Nonconvex Decentralized Stochastic Bilevel Optimization under Heavy-Tailed Noises
This addresses a limitation in decentralized optimization for real-world ML models where assumptions like strong convexity and finite variance often fail, though it is incremental as it extends existing bilevel optimization to heavy-tailed noise settings.
The paper tackles the problem of decentralized stochastic bilevel optimization under heavy-tailed noises, which existing methods assume strong convexity and finite variance, and develops a normalized stochastic variance-reduced bilevel gradient descent algorithm, achieving a convergence rate with rigorous theoretical guarantees and confirming effectiveness through experiments.

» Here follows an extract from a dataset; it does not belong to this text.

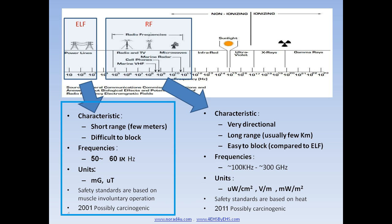The ELF frequency is mainly 50 or 60 Hz depending where you are. The units are Micro-Tesla in North America and milli-Gauss in the rest of the world. ICNIRP determined its short-term so-called safety level at 2000 mGa. In 2001, IARC determined that ELF magnetic field is a possible carcinogen, according to studies that showed elevated risk for children's leukemia at levels of only 2 mGa.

Existing decentralized stochastic optimization methods assume the lower-level loss function is strongly convex and the stochastic gradient noise has finite variance. These strong assumptions typically are not satisfied in real-world machine learning models. To address these limitations, we develop a novel decentralized stochastic bilevel optimization algorithm for the nonconvex bilevel optimization problem under heavy-tailed noises. Specifically, we develop a normalized stochastic variance-reduced bilevel gradient descent algorithm, which does not rely on any clipping operation. Moreover, we establish its convergence rate by innovatively bounding interdependent gradient sequences under heavy-tailed noises for nonconvex decentralized bilevel optimization problems. As far as we know, this is the first decentralized bilevel optimization algorithm with rigorous theoretical guarantees under heavy-tailed noises. The extensive experimental results confirm the effectiveness of our algorithm in handling heavy-tailed noises.